=== Begin Enclosure ===

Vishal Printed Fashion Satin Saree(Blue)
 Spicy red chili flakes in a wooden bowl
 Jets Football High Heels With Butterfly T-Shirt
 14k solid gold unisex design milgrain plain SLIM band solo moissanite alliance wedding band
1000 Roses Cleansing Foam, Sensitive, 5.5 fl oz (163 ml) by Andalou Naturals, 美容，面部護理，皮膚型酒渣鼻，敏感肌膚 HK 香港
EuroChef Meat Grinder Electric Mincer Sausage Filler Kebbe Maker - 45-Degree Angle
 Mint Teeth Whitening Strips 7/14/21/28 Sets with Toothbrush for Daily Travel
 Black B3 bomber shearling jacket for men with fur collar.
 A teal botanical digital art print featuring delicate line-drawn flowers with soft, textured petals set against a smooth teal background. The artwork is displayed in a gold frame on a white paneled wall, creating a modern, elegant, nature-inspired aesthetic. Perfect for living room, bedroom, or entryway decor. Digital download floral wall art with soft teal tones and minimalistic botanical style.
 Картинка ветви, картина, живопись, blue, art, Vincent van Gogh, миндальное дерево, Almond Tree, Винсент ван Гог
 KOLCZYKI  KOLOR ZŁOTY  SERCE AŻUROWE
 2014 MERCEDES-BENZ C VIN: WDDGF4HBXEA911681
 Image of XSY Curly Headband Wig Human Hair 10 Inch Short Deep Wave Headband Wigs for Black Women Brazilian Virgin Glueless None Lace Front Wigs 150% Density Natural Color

=== End Enclosure ===

Instructions for the task
Go through the lines above and tally those with the string "Black". The total is all that is needed.

Finished exercise
2